Pusdikkav Pertahankan Tradisi Berkuda di Tengah Gempuran Alutsista Modern

MONITOR, Jakarta – Komandan Pusat Pendidikan Kavaleri (Pusdikkav) Pussenkav Kodiklatad, Brigjen TNI Taufik Budi Santoso, mengungkapkan bahwa pihaknya masih mempertahankan tradisi pelatihan berkuda meski di tengah maraknya alutsista modern.

“Bahwa sejarah Kavaleri terbentuk dulu itu dimulai dari pasukan berkuda sehingga kita masih menjaga itu dan saya yakin ke depan pada beberapa momen kuda ini masih akan sangat dibutuhkan,” ungkapnya kepada wartawan di arena latihan berkuda Pusdikkav Pussenkav Kodiklatad di Padalarang, Bandung Barat, Jawa Barat, Jumat (26/3/2021).
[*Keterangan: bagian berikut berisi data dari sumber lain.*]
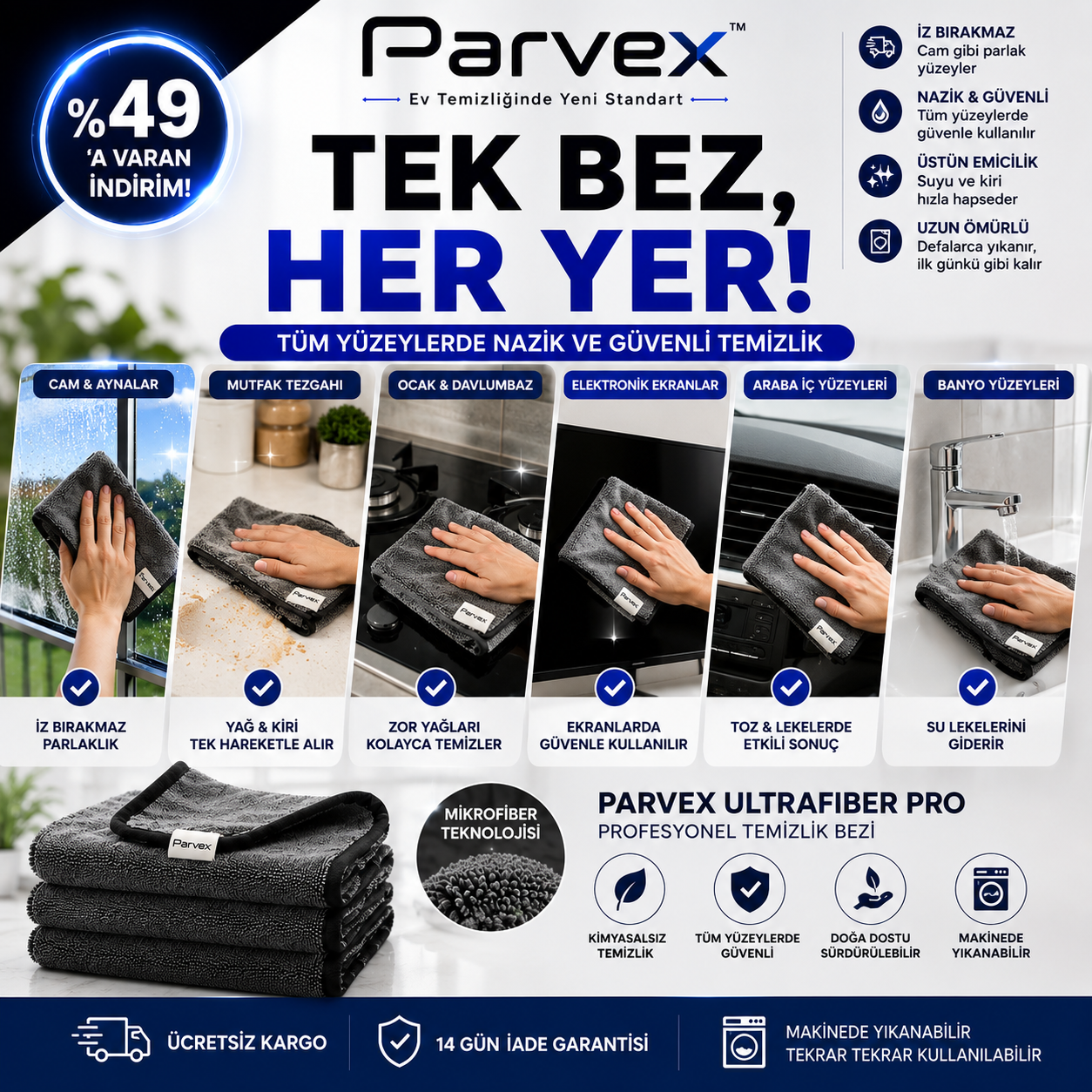 PARVEX™ UltraFiber Pro Temizlik Havlusu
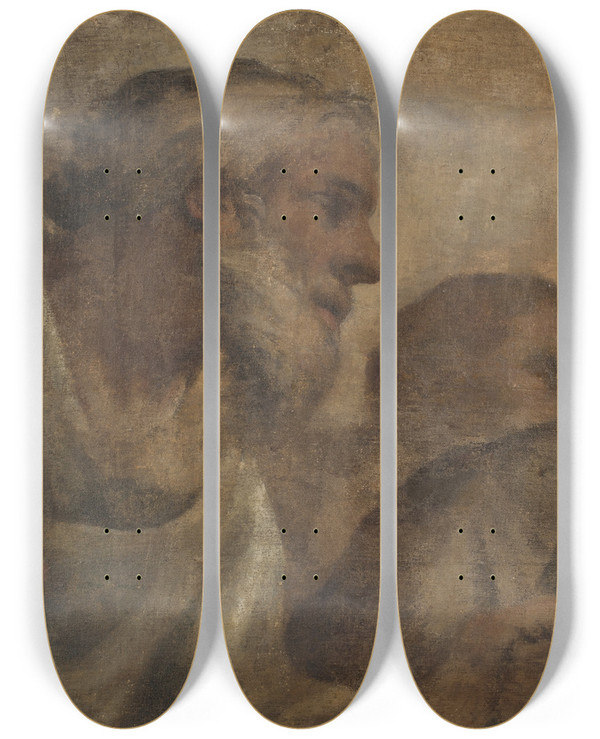 Triptych art skateboard deck of Pietro Da Cortona Figure by Pietro da Cortona (1596-1669)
Taufik menyampaikan, tidak semua medan di Indonesia ini dapat dilalui oleh tank ataupun kendaraan lainnya, tetapi kuda bisa melakukannya. Sehingga, menurut Taufik, kuda akan sangat membantu nantinya.

“Apa yang kita punya ini tetap akan kita pertahankan dan semua jenis pendidikan itu harus melalui pelatihan berkuda, selain kita menjaga sejarah yang kita miliki itu,” ujarnya.

- Advertisement -

Taufik mengatakan, semua siswa yang menempuh pendidikan di Pusdikkav, mulai dari Bintara, Tamtama hingga Perwira, semuanya harus melalui pendidikan menunggang kuda.

“Karena tidak mungkin tiba-tiba bisa jago nunggang kuda. Ada tahapan-tahapannya,” katanya.

Selain manusianya, lanjut Taufik, kuda-kuda yang ada juga dilatih menjadi kuda militer. Taufik mengungkapkan, ada klasifikasinya dan itu harus melalui tahapan, yang disebut dengan Remonte.

“Kuda tidak lulus ya nanti diulang lagi di tahapan berikutnya. Karena sebelum dipakai sebagai kuda militer mereka harus benar-benar diyakinkan bahwa kuda ini benar-benar bisa dikendalikan dan bisa mendukung tugas,” ungkapnya.

“Kuda militer harus memilki klasifikasi harus bisa berenang, tidak takut dengan api, tidak takut dengan letusan, bisa tiarap bareng-bareng dengan penunggangnya untuk melindungi kuda dan penunggangnya. Dan mereka harus paham bahwa daerah yang dihadapi bukan daerah yang aman-aman saja,” ujar Taufik menambahkan.